What business did three top Pakistani officials contract in Kabul?
After establishing the fact of US-Pakistani collaboration in terminating Osama bin Laden, the whys and wherefores remain to be addressed.
At this early date, DEBKA-Net-Weekly's sources cannot precisely name which members of the Pakistani government, military or intelligence elites worked with Washington on the plan, or whether only certain factions were involved.
Most Western intelligence agencies with a presence in Pakistan incline to view that some members of all three communities may have had a hand in the US operation which was essentially the outcome of a quid pro quo deal with the Obama administration and the CIA, whose broad terms are disclosed here:
We turn Osama bin Laden over, you terminate him and together we can embark on the road toward ending the Afghanistan war.
In the next part of the scenario, Pakistani military intelligence undertakes to bring the Taliban to the table for negotiating the war's conclusion. In return, the US and Afghanistan will guarantee to support Pakistan's interests in Kabul.
This would entail Washington and Kabul abandoning their evenhanded policy in the contest between Pakistan and India for influence in the war-torn country and throw their weight behind Islamabad.
Monday, April 25, a week before the Bin Laden raid, the head of Pakistan's Army Staff, Gen. Ashfaq Parvez Kayani, took part in the "passing out parade" at the prestigious Kakul military academy in Abbottabad, Pakistan's West Point. The reviewing stand on which he stood was 400 meters from the bin Laden villa.
Addressing the ceremony, Kayani said the "back of terrorism" in Pakistan had been broken, thanks to the sacrifices of Pakistan's soldiers.

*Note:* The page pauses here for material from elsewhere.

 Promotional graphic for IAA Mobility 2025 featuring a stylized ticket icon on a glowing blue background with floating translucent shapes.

A formula emerging for ending the Afghan War
The impression gained in many Western intelligence circles was that Gen. Kayani knew that the al Qaeda leader's end was near and chose his words to correspond with the line Islamabad has taken since the event. He is also believed to have used his visit to Abbottabad for a last inspection to make sure that the US raid went smoothly.

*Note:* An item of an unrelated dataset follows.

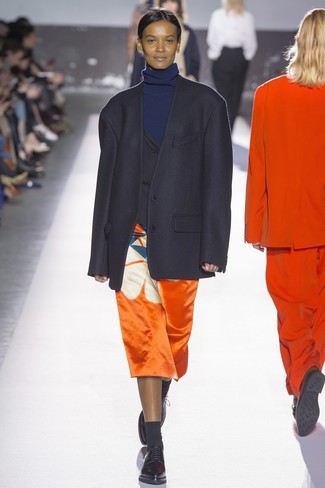 Orange Print Midi Skirt Outfits: 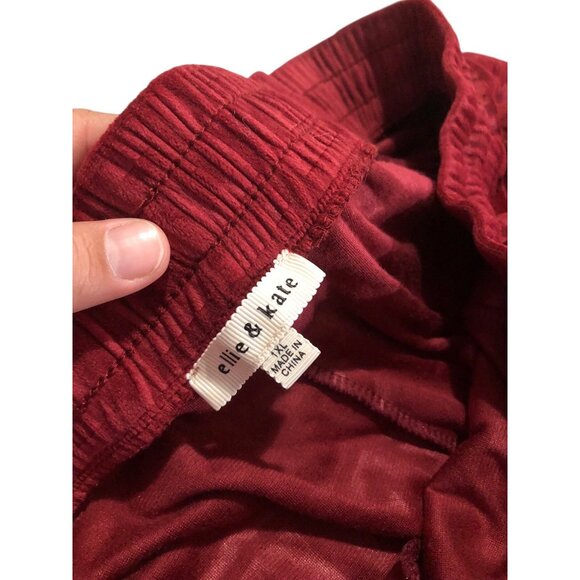 Ellie & Kate Deep Red Printed Casual Joggers Drawstring Waist Sz 1XL - Picture 3 of 12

Those circles point tellingly to the visit Pakistani Prime Minister Yousuf Raza Gilani, Gen. Kayani and ISI Director-General Ahmed Shuja Pasha paid to Kabul, Saturday, April 16, three weeks before the Abbottabad operation. This top-level Pakistani party is believed to have tied up the last ends of the deal between the three partners, the US, Pakistan and the Afghan government, the trigger for which was to be the death of the al Qaeda leader.
From the American perspective, his death achieved the objective for which the US went to war in Afghanistan in 2001straight after al Qaeda's 9/11 attacks on America: Osama bin Laden, who masterminded those attacks after first trying and failing to destroy New York's Twin Towers in 1993, the evil genius of global jihadist terror, was dead at the hands of American troops. Even the high command which had supported him in Afghanistan and Pakistan had more or less broken up.
And so, President Obama is free to set a tight timeline for bringing American troops home.
The deal has placed Afghan President Hamid Karzai within reach of his goals of getting US and NATO forces out of his country and forming a power-sharing government with the Taliban.
The next move in the game is up to Islamabad: The Taliban's hard core leaders, headed by Mullah Omar, have yet to be brought to the negotiating table, a maneuver that will require time and delicate handling.
Much will depend on whether Taliban decides to stage a major attack to avenge the death of the al Qaeda leader or leaves it to another ally or branch of bin Laden's organization.
If Taliban opts for revenge against the Americans who killed its close ally and partner instead of diplomacy, the White House's plan will be thrown off course and the Afghan War will continue with greater intensity than ever.